>>>>>
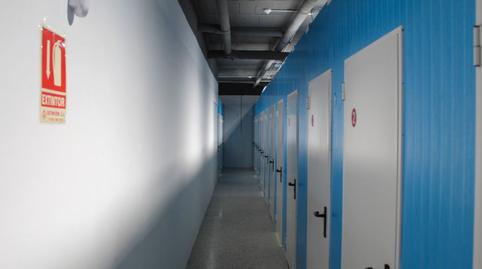 Photo 4 of Box room to rent in Calle Arzobispo Pedro de Castro, 4, Joaquina Eguaras, Granada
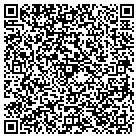 QR code with Jefferson Clarion Head Start contacts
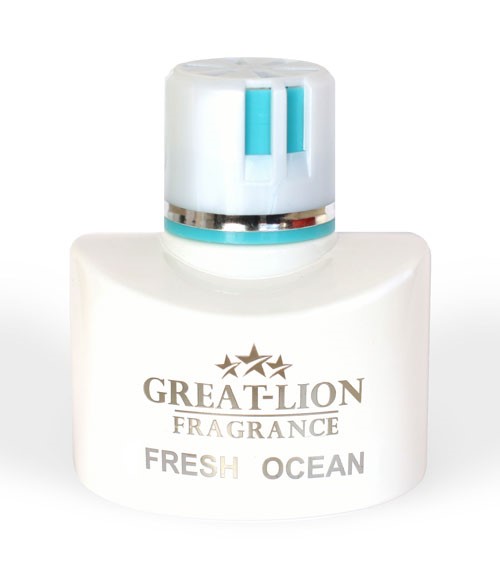 Great-Lion  Car fragrance Fresh ocean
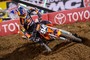 Ken Roczen: Sieger in Oakland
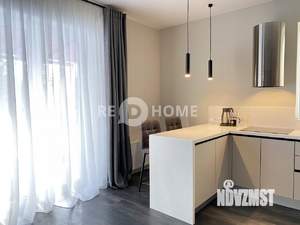 Коттедж 360м², 3-этажный, участок 4 сот.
<<<<<
YOUR GOAL: These lines alone form the answer: the one containing "fragrance Fresh ocean" and every line after it through the end of the material, exactly as written, pictures left out.

SOLUTION TO THE PROBLEM:
 Great-Lion  Car fragrance Fresh ocean
 Ken Roczen: Sieger in Oakland
 Коттедж 360м², 3-этажный, участок 4 сот.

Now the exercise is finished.